Dataset items:
§

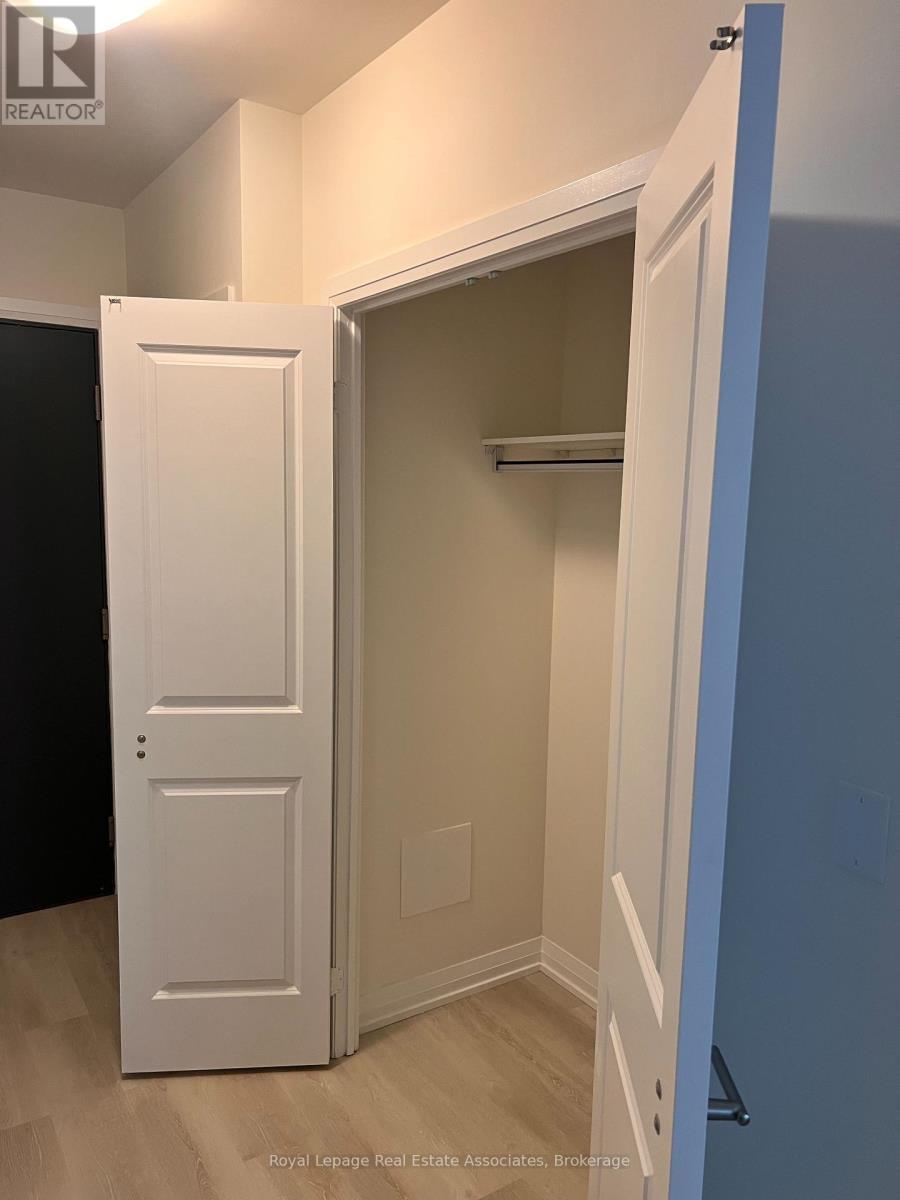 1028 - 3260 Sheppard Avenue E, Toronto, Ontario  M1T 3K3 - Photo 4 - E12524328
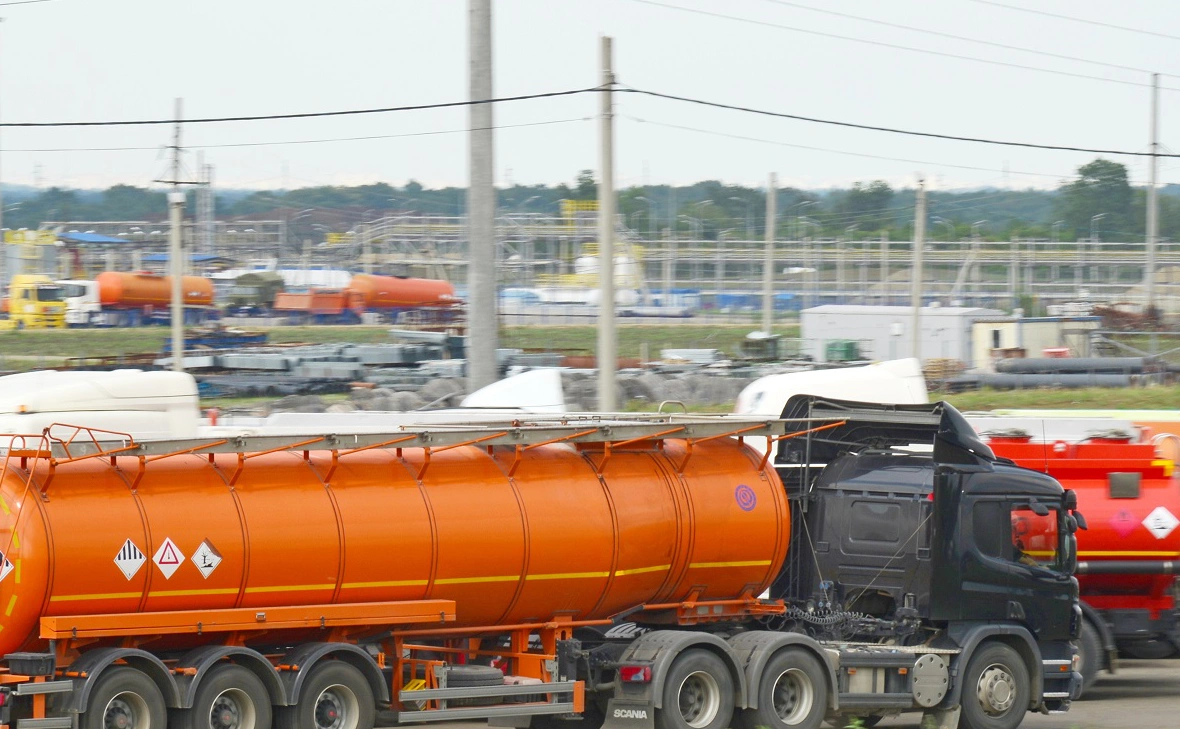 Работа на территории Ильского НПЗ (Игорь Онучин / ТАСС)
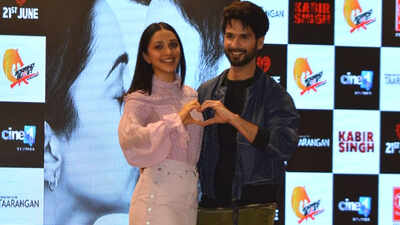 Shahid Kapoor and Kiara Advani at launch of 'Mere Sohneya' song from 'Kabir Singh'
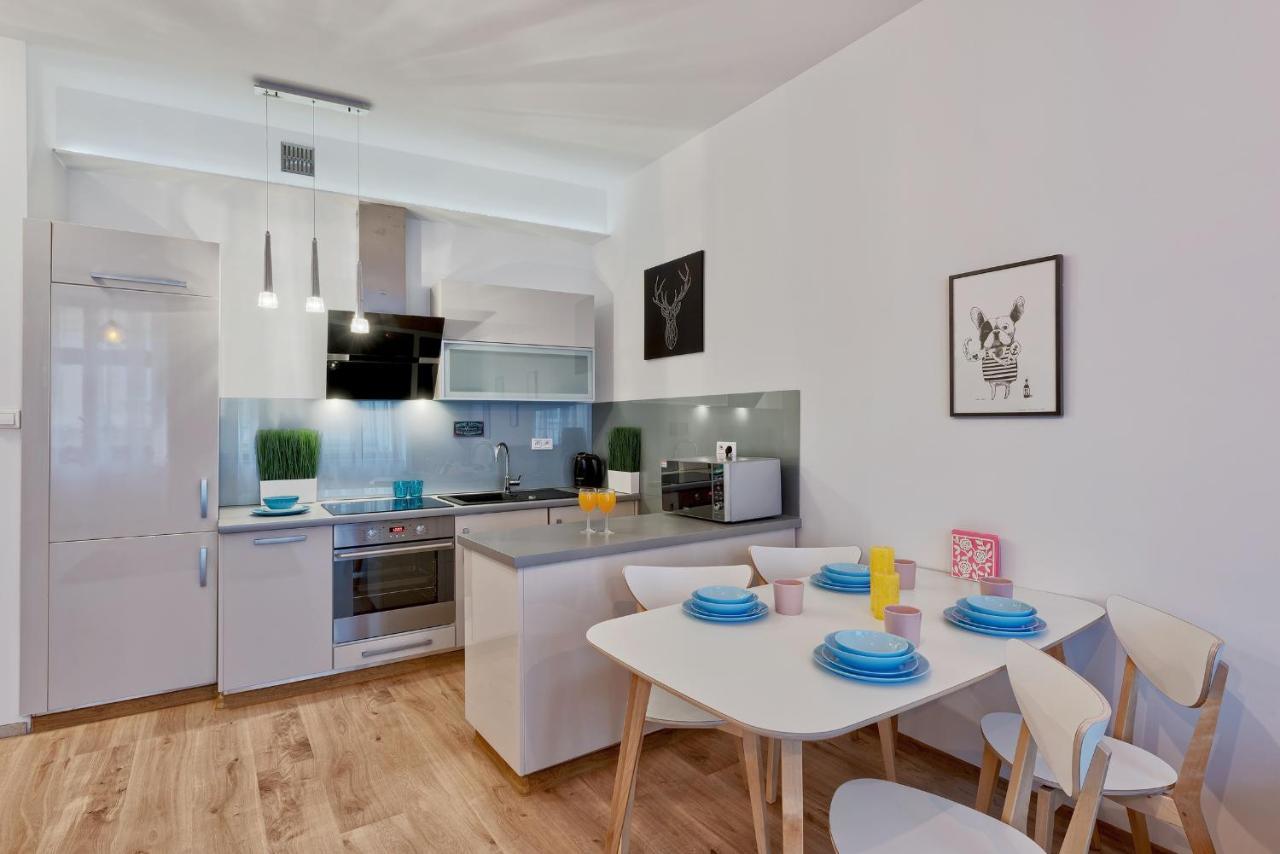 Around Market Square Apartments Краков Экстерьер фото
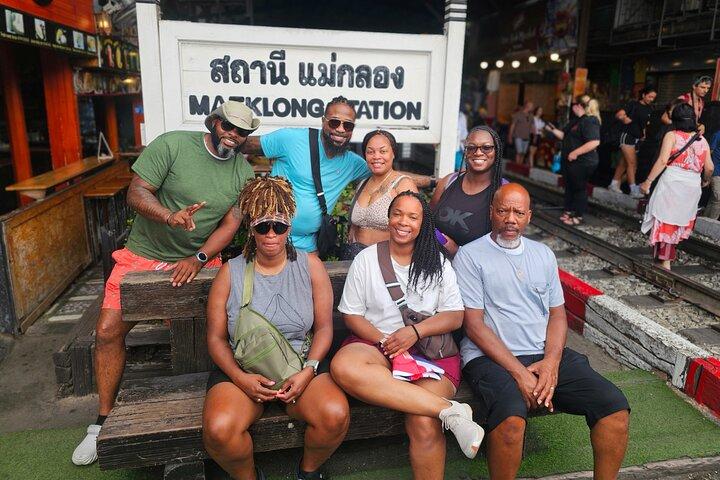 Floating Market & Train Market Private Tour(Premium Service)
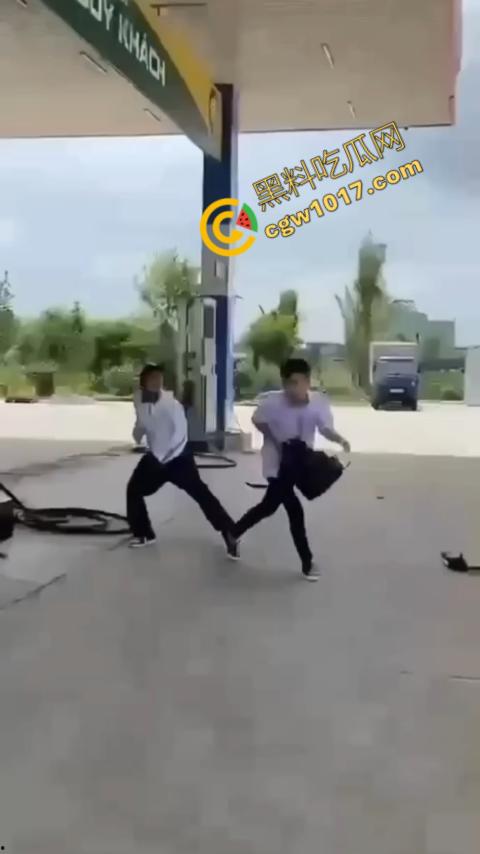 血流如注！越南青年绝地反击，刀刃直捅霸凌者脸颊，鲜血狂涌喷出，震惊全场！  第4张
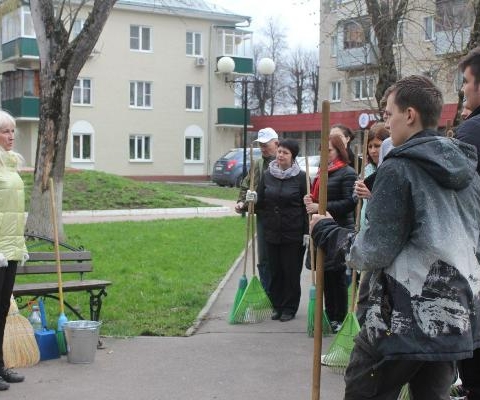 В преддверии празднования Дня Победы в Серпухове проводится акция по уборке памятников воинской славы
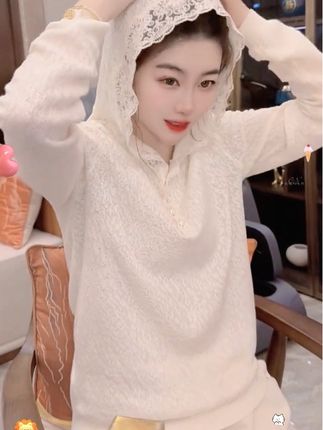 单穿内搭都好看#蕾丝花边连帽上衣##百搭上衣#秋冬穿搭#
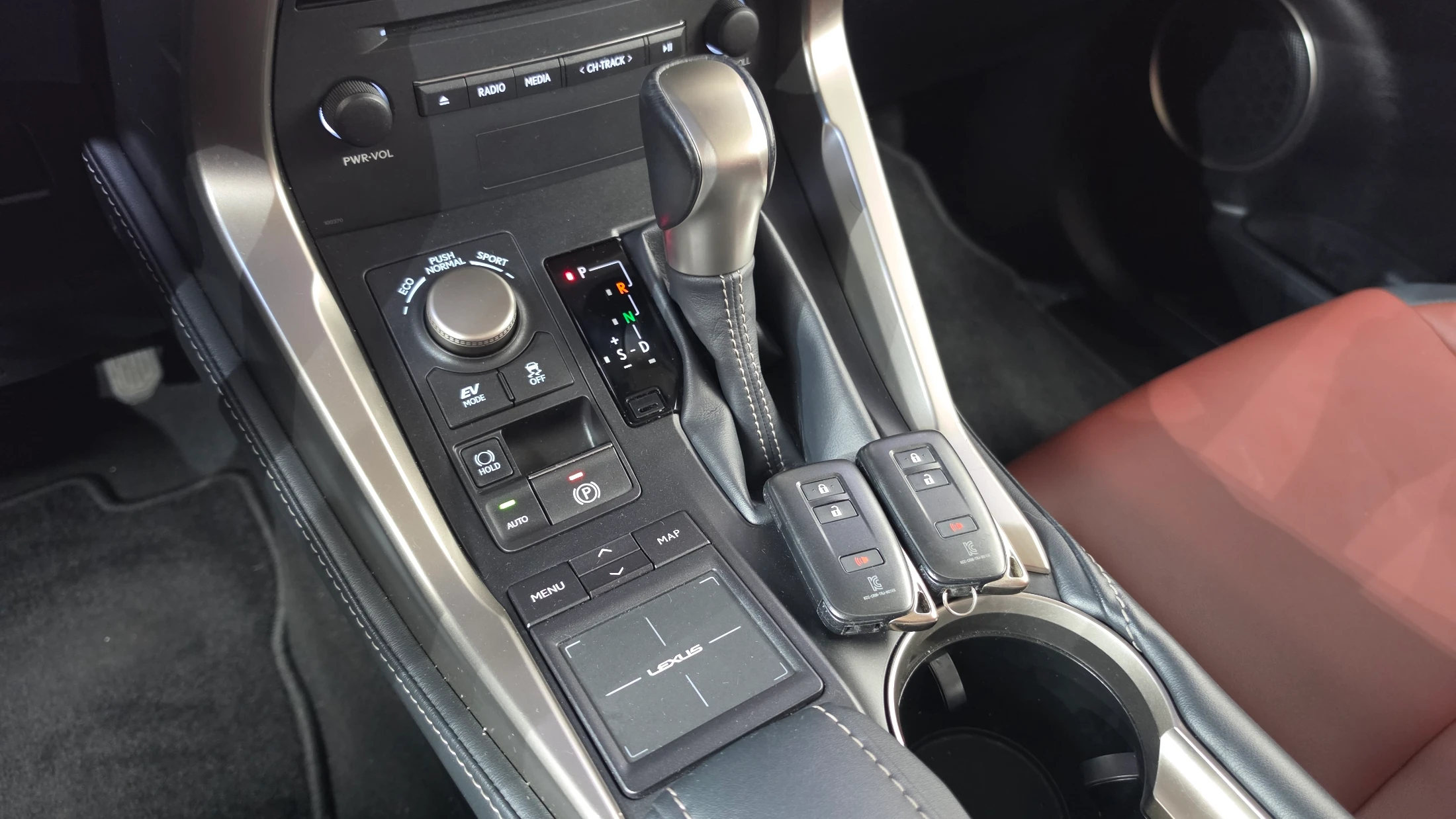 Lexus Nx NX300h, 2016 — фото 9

§

What you need to do –
Give back exactly, and only, the lines from the one holding "Работа на территории" through the last line of the entries, with every picture omitted.

Answer section –
 Работа на территории Ильского НПЗ (Игорь Онучин / ТАСС)
 Shahid Kapoor and Kiara Advani at launch of 'Mere Sohneya' song from 'Kabir Singh'
 Around Market Square Apartments Краков Экстерьер фото
 Floating Market & Train Market Private Tour(Premium Service)
 血流如注！越南青年绝地反击，刀刃直捅霸凌者脸颊，鲜血狂涌喷出，震惊全场！  第4张
 В преддверии празднования Дня Победы в Серпухове проводится акция по уборке памятников воинской славы
 单穿内搭都好看#蕾丝花边连帽上衣##百搭上衣#秋冬穿搭#
 Lexus Nx NX300h, 2016 — фото 9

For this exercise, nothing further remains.